Hepimiz oradaydık. Saat 10.00 da Ankara Garı önünde toplandık. Saat 10.04... 101 kardeşimizi orada kaybettik. 300’den fazla arkadaşımız hastanelere kaldırıldı. Onlarca arkadaşımız sakat kaldı. İki kardeşimiz hâlâ hastanede, tedavileri sürüyor.

Ülkenin bu koşullarında nasıl geçeceği belli; ama 7 Kasım’da başlayacak olan dava, bir adalet arayışı içinde bu ülkenin emek ve demokrasi güçleri tarafından başından sonuna takipçi olunacaktır, olunmalıdır. Unutmamak, unutturmamak için; katliamda yakınlarını kaybeden ailelerle birlikte kurduğumuz 10 Ekim Barış ve Dayanışma Derneğimize de koşulsuz destek olunmaktadır, olunmalıdır.”

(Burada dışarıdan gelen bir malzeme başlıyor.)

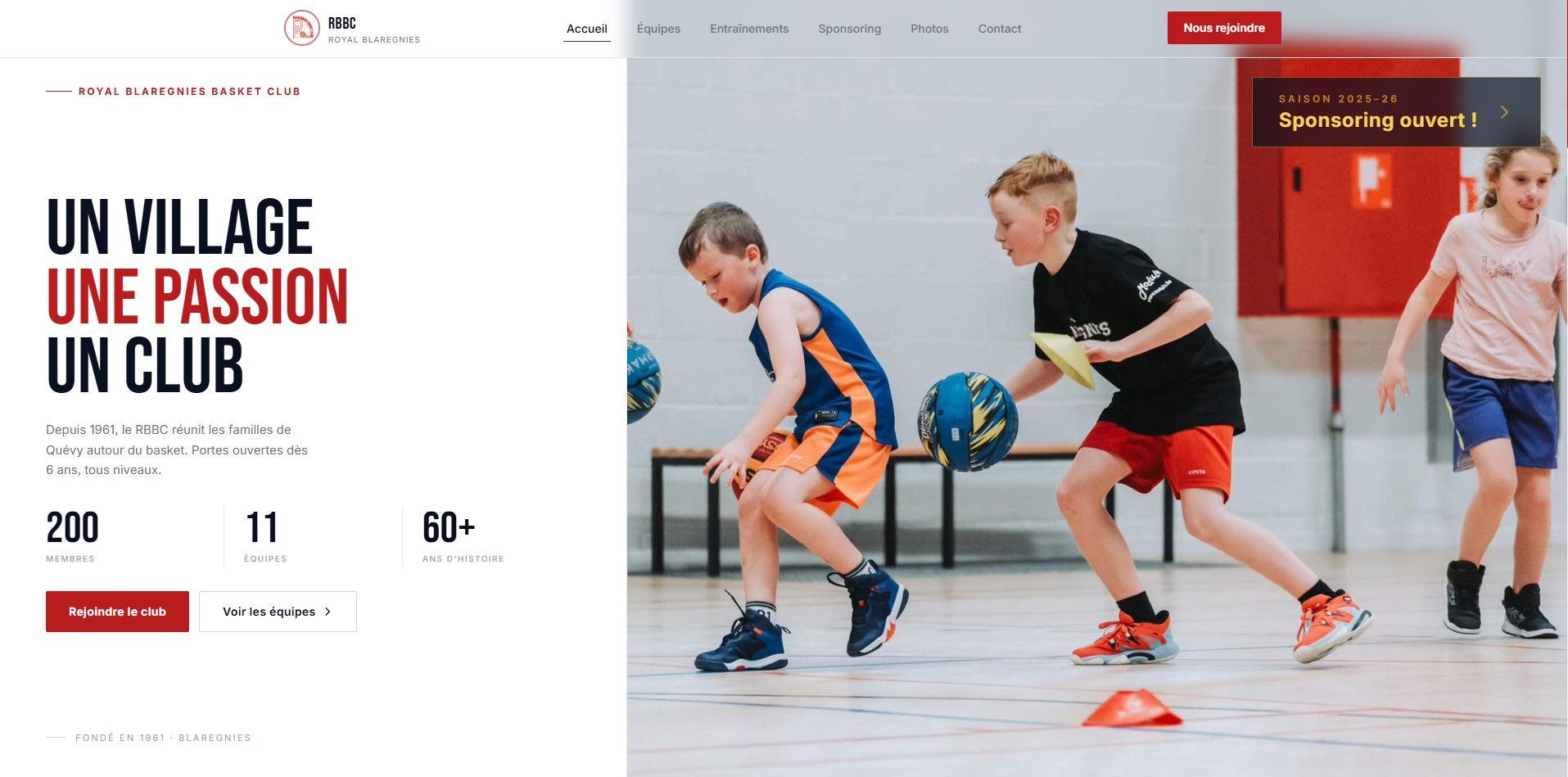 Screenshot desktop de RBBC Website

Hâlâ geçit yok diyebiliriz

KESK Eş Genel Başkanı Şaziye Köse: “İsimlerini, yerlerini ve ilişki ağlarını bildikleri canlı bombaları eyleme geçinceye kadar yakalamadıklarını pişkinlikle itiraf edenler henüz hesap vermedi.

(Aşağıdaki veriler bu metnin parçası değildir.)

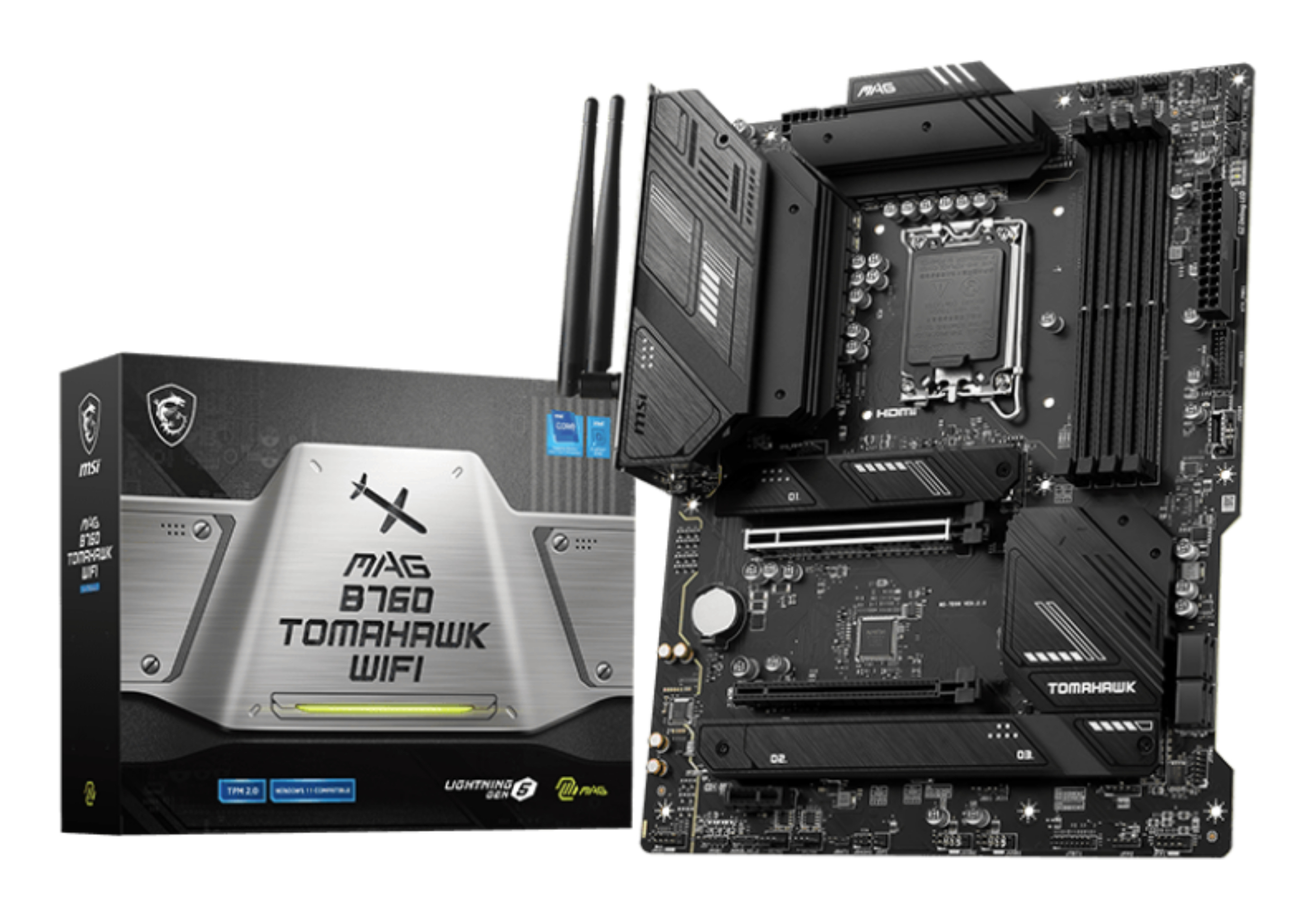 MotherBoard LGA1700 ATX MSI MAG B760 TOMAHAWK WIFI, 256GB RAM DDR5 Max, 3 M.2 PCIE 4, Wi-Fi 6E + BT 5.3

Katillerin polis kontrol noktalarını da geçerek Ankara’nın göbeğine kadar gelişlerine seyirci kalanlar yargı önüne çıkmış değil. Önce Suruç, ardından Ankara Katliamlarıyla toplumsal muhalefete mesaj vermek ve siyasal ortamı militarize etmek isteyen şahıs, kurum ve odaklardan dava dosyasında bahis bile yok. Her katliamdan sonra yaptırdıkları seçim anketlerine bakıp el ovuşturanlar soruşturmanın kıyısında dahi bulunmuyor. O halde, durum umutsuz mu? Asla. Elbette, gerek Ankara gerekse Suruç Katliamlarının, Türkiye’nin siyasal tarihi ve gidişatı içinde gerekli tadilatlarla birlikte ancak 1 Mayıs Katliamı’yla karşılaştırılabilir bir bağlamı var. Bunlar radikal bir dönüşüm ve buna eşlik eden tarihsel bir yüzleşme olmaksızın kolayca ve salt ‘hukuki ve yargısal’ çerçevede aydınlatılamayacak katliamlardır.

Mitinglere yönelik bombalı saldırı olacağı ihbarı alınmış olmasına rağmen, hiçbir uyarı yapılmayışı ihmal değil kasıttır. Miting öncesi emniyet ile yapılan toplantılarda risklerin tartışılması gerekirken, CHP ve HDP Genel Başkanlarının mitinge katılıp katılmayacağı ile ilgilenilmiştir. Miting günü alışık olduğumuz emniyet uygulamalarının hiçbirinin olmayışı ihmal değil kasıttır. Alanda patlamadan sonra yaralılara gaz sıkılması, ambulansların geciktirilmesi, alana sokulmayışı kasıttır. Olay yerinde delil arayışının yapılmaması, alanın yıkanması, delillerin yok edilmesi kasıttır. Yaşam hakkını korumak ile görevli olduğu varsayılan devlet, açık bir tehdit ortada iken, bu tehditten haberdar iken, her türlü istihbaratı almış iken hiçbir tedbir almamıştır. Ardından dosyaya gizlilik kararı konması, yayın yasağı getirilmesi olayın aydınlatılması yerine kapatılması için çaba sarf edilmesi ve daha neler neler. Ama hâlâ dur diyebiliriz. Hâlâ geçit yok diyebiliriz. Yeter ki beklenticilikten, savuştururuz kolaycılığından sıyrılalım.”

***

Biterken...

Bugün katliamın birinci yılı. Bizler yine orada olacağız. Boğazımızda düğümlenecek kelimeler... Öfke ile titreyecek yürekler, neşeli kahkahalar yerini derin acıya bırakacak. Bıçak yarası gibi silinmez bir iz kalacak bedenlerde. Dizlerimiz tutmaz olacak gövdemizi.

Ama doğrulacağız hemen. 7 Kasım'da başlayacak duruşmalara hazırlanacağız. Ailelerle, avukatlarla mitingi örgütleyen dört örgütle hummalı bir çalışmaya koyulacağız.

O gün alanda gördüklerimiz, sonrasında yaşananlar, yitirdiklerimizin gözleri hatırlatacak bize bir gazeteci olarak görevimizi. Gerçeğin tüm çıplaklığıyla ortaya çıkması için var gücümüzle çalışacağız. Katliamı yapanlarla, arkasındaki güçlerle ve onları koruyanlarla hesaplaşmak için yola çıkanların sesi olmaya devam edeceğiz. Unutmayacağız, unutturmayacağız!